I've run some benchmarks with dd trying the different chunks and 256k
seems like the sweetspot.
dd if=/dev/zero of=/dev/md0 bs=64k count=655360 oflag=direct

>
> Looks like you've been reading a very outdated/inaccurate "XFS guide" on
> the web...
>
> What kernel version?  This can make a significant difference in XFS
> metadata performance.  You should use 2.6.39+ if possible.  What
> xfsprogs version?
>

testing was done with ubuntu 10.04LTS with kernel at 2.6.32-33-server
xfsprogs at 3.1.0ubuntu1

>> mkfs -t xfs -l lazy-count=1,size=128m -f /dev/md0
>
> lazy-count=1 is currently the default with recent xfsprogs so no need to
> specify it.  Why are you manually specifying the size of the internal
> journal log file?  This is unnecessary.  In fact, unless you have
> profiled your workload and testing shows that alternate XFS settings
> perform better, it is always best to stick with the defaults.  They
> exist for a reason, and are well considered.

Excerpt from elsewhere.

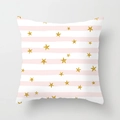 Pink and white striped square cushion cover with gold glitter star patterns - Pink Star Stripe Style (DRD126-12)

I'll probably forgo setting the journal log file size. It seemed like
a safe optimization from what I've read.

>> mount -t xfs -o barrier=1,logbsize=256k,logbufs=8,noatime /dev/md0
>> /mnt/raid10xfs
>
> Barrier has no value, it's either on or off.  XFS mounts with barriers
> enabled by default so remove 'barrier=1'.  You do not have a RAID card
> with persistent write cache (BBWC), so you should leave barriers
> enabled.  Barriers mitigate journal log corruption due to power failure
> and crashes, which seem seem to be of concern to you.
>
> logbsize=256k and logbufs=8 are the defaults in recent kernels so no
> need to specify them.  Your NFS/Samba workload on 3 slow disks isn't
> sufficient to need that much in memory journal buffer space anyway.  XFS
> uses relatime which is equivalent to noatime WRT IO reduction
> performance, so don't specify 'noatime'.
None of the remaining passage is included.